すると、隣の女子と楽しそうに話していた”鷹山に片思いしている説”が浮上している秋風が不機嫌そうにこちらを見上げてきた。
「なぁ、何やってるんだ?」
「横断幕だけど?」
「俺が手をかし――」
「ああ、人足りてるから大丈夫」
「……そうか」
しかし、ここで拒否されるのが相棒クオリティー。
少し相棒の中で悲しみの感情がわく。
(……)
頭の中ですら何も考えられなくなっているのか、流れるように仕上げのニス塗りをしているらしい大道具チームへと向かっていく。
「なぁ、なに――」
「あ、こっち人足りてるから」
「……ああ、わかった」
(……)
なんだろう、自業自得だとわかっているのにこうも頑なに拒絶されるのを見ると少し相棒がかわいそうにも思えてくる。

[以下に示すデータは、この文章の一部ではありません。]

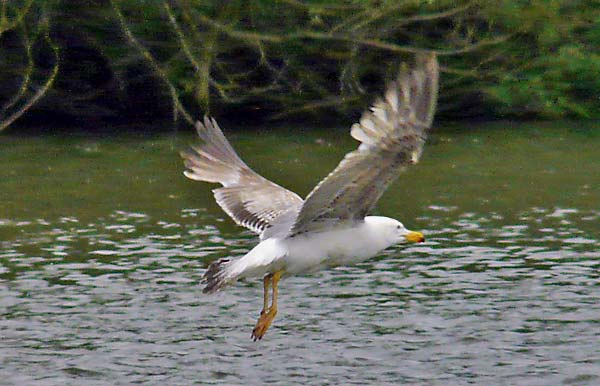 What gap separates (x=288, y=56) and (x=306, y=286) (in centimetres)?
1248

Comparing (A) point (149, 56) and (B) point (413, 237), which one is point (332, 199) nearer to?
(B) point (413, 237)

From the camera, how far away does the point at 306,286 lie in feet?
45.2

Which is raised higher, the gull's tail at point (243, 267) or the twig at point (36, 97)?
the twig at point (36, 97)

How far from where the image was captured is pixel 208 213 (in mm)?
17594

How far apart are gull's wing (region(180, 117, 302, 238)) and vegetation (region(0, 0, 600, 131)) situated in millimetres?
13563

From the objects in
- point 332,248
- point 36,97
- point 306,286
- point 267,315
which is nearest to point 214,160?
point 267,315

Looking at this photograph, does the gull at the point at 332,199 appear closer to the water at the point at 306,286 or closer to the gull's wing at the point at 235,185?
the gull's wing at the point at 235,185

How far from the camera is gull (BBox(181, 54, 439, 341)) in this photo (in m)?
7.61

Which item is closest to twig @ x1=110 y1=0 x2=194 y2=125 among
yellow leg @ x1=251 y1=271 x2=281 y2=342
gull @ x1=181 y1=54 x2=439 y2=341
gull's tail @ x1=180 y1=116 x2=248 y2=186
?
gull's tail @ x1=180 y1=116 x2=248 y2=186

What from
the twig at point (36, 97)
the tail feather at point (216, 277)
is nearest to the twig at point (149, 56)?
the twig at point (36, 97)

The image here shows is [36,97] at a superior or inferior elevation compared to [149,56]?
inferior

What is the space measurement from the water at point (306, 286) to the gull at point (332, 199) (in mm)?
1486

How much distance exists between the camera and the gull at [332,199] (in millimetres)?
7613

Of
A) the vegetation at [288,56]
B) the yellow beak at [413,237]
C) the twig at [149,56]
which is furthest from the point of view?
the vegetation at [288,56]
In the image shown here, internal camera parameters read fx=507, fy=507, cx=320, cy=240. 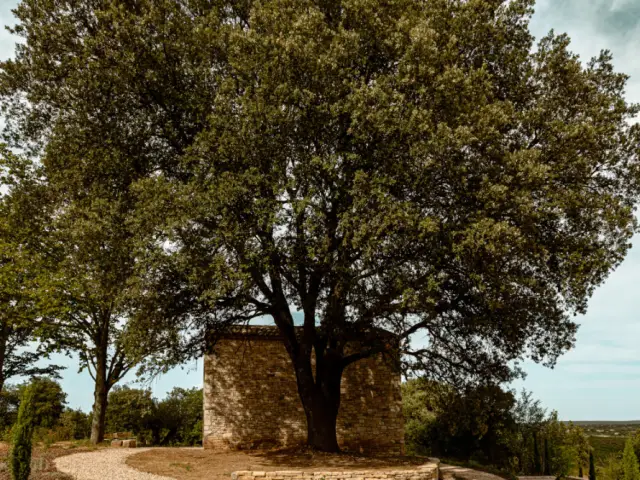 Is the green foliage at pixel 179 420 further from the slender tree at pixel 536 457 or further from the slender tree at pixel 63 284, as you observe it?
the slender tree at pixel 536 457

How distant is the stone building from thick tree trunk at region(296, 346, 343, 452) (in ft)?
11.2

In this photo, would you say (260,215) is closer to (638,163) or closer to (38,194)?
(38,194)

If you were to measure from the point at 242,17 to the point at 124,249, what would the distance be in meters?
8.54

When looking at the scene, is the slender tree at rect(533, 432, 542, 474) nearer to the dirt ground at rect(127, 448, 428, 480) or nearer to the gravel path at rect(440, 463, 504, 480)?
the gravel path at rect(440, 463, 504, 480)

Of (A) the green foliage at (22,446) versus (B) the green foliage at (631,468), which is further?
(B) the green foliage at (631,468)

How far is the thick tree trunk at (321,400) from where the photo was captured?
17719 millimetres

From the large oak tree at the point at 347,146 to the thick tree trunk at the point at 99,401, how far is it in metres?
9.89

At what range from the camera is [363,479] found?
44.8 ft

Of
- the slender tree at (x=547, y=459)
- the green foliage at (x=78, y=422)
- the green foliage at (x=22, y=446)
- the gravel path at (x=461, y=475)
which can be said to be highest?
the green foliage at (x=22, y=446)

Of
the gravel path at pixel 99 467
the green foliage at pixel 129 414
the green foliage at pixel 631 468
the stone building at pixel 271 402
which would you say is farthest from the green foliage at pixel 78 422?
the green foliage at pixel 631 468

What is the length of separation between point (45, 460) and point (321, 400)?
28.5ft

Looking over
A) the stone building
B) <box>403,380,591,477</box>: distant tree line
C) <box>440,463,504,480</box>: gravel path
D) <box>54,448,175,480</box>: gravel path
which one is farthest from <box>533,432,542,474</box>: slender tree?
<box>54,448,175,480</box>: gravel path

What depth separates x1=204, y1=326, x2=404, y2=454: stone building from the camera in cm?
2108

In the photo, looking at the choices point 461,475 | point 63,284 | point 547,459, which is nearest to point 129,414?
point 63,284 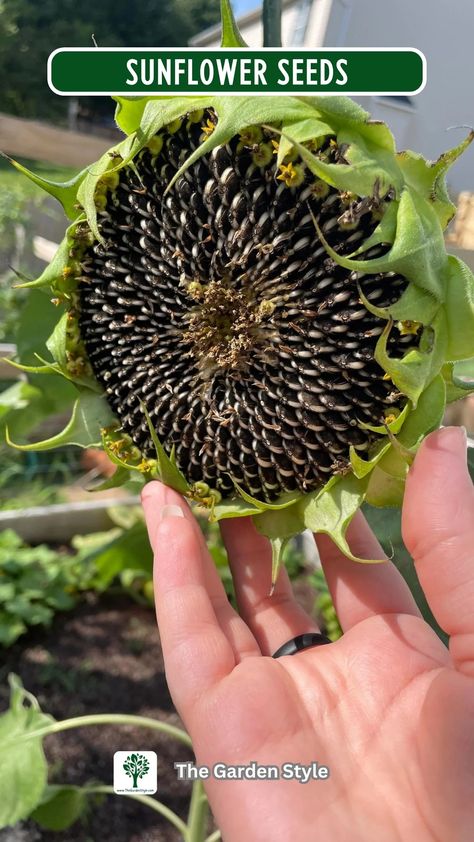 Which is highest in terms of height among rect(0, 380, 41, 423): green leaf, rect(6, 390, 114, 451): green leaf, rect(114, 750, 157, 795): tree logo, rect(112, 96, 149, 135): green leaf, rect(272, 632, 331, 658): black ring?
rect(112, 96, 149, 135): green leaf

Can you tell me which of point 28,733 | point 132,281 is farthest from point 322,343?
point 28,733

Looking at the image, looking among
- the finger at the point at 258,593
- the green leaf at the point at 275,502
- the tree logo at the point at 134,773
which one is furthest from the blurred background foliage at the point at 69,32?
the tree logo at the point at 134,773

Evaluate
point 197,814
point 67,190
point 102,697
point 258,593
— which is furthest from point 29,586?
point 67,190

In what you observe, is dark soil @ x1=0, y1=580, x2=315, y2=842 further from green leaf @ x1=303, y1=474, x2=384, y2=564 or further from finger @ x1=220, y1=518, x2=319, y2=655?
green leaf @ x1=303, y1=474, x2=384, y2=564

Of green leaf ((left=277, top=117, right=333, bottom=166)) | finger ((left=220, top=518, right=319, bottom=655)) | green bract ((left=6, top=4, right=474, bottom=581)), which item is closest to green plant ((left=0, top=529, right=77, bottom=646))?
finger ((left=220, top=518, right=319, bottom=655))

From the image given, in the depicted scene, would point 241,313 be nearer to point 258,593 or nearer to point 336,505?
point 336,505

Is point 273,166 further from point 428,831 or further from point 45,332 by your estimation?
point 428,831

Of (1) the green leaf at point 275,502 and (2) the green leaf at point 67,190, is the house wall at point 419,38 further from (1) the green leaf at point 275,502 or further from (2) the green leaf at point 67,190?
(1) the green leaf at point 275,502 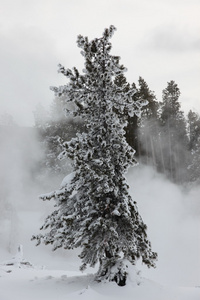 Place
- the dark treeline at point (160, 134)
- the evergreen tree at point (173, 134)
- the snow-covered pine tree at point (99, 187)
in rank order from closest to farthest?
the snow-covered pine tree at point (99, 187) → the dark treeline at point (160, 134) → the evergreen tree at point (173, 134)

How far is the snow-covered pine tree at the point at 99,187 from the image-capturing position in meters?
10.5

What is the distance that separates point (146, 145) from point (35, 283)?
105ft

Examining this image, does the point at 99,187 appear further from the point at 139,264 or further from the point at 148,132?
the point at 148,132

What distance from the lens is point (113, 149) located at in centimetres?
1148

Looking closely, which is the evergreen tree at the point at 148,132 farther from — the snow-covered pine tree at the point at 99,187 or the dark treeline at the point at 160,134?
the snow-covered pine tree at the point at 99,187

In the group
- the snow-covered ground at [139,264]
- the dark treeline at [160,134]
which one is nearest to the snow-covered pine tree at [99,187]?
the snow-covered ground at [139,264]

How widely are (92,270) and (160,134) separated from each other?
23430 millimetres

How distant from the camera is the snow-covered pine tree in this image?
1050cm

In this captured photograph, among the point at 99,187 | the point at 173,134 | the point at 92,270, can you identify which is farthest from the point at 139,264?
the point at 173,134

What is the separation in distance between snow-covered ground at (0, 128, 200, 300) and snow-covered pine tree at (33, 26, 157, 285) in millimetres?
1007

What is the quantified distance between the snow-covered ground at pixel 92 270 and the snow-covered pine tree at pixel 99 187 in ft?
3.30

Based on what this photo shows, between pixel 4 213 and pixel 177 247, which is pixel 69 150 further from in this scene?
pixel 4 213

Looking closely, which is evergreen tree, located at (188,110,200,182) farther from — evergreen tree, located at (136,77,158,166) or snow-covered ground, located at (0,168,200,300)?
evergreen tree, located at (136,77,158,166)

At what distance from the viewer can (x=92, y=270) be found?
26.9 meters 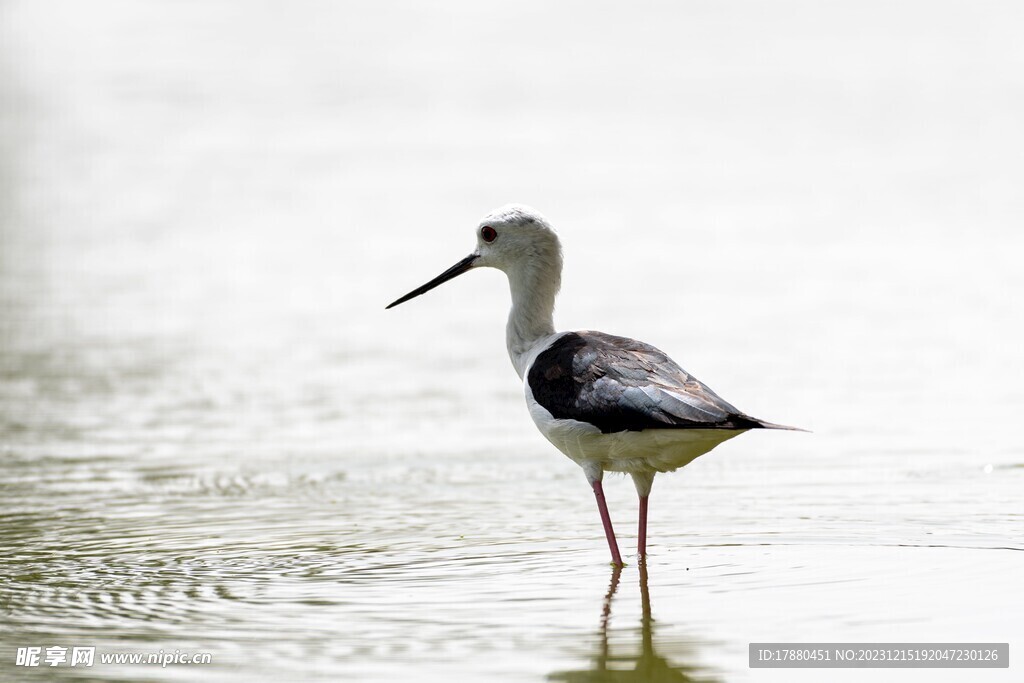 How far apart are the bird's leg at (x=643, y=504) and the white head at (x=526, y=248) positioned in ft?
3.80

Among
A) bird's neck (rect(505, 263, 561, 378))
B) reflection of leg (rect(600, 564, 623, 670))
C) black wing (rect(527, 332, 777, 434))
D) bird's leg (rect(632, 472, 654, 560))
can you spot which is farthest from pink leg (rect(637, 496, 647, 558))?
bird's neck (rect(505, 263, 561, 378))

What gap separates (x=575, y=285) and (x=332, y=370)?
3.58 m

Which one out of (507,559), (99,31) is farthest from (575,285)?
(99,31)

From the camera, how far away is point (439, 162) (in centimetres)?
2256

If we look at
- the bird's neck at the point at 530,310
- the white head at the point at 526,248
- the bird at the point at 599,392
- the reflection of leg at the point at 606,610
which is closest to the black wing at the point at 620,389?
the bird at the point at 599,392

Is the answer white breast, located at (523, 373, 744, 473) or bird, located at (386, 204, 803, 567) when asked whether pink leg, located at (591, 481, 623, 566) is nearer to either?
bird, located at (386, 204, 803, 567)

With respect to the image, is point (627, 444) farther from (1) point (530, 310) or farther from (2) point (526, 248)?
(2) point (526, 248)

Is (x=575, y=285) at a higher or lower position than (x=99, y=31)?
lower

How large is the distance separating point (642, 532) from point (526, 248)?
162 centimetres

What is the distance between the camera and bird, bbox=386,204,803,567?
6871mm

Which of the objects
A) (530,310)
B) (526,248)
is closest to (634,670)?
(530,310)

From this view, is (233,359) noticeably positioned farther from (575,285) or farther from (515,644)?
(515,644)

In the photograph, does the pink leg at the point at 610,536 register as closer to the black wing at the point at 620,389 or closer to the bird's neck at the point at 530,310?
the black wing at the point at 620,389

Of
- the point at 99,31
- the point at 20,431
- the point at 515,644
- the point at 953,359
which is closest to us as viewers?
the point at 515,644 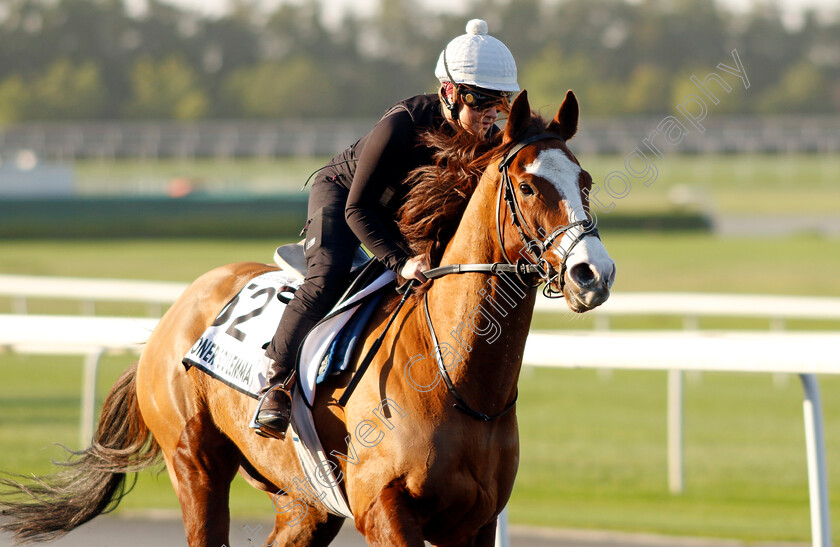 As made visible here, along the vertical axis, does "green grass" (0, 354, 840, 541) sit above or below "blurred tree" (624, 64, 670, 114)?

しかし、相棒は首を振って今度は小道具のチームの方へと歩いていき、またも断られた。
(……帰ろうかな)
拒絶できなかった。
と、思ったその時だった。
「……ん?」
相棒のズボンのポケットが勢いよく震える。
電話が来たのだろう。
「ねえ、携帯の電源切っといてよ」
横断幕をしている秋風がギロリと相棒を睨みつける。
しかし、相棒は全く気にする素振りを見せずにスマホをポケットから取り出して画
面を見る。
「ねえってば……」
「ああ、すまない」
相棒はそこでスマホを持って教室の外へと出る。
(誰だこれ)
知らない電話番号らしい。携帯の電話番号のようだが、電話帳に登録されている母親と父親以外の名前となると、いたずら電話というやつなのだろうか。
申し訳ないが相棒にそういった類のものがかかってくるとは――あ!
もしかして……。
相棒が訝しみながらもスマホを耳元に近づける。
「もしもし?」
「あ、失礼いたします。私岩夏康介と申します。そちら様は黒い名刺を渡してくださった方でよろしいですか……?」
ドクン、と相棒の心臓がなる。
相棒の生活に、新たな変化が訪れようとしていた――。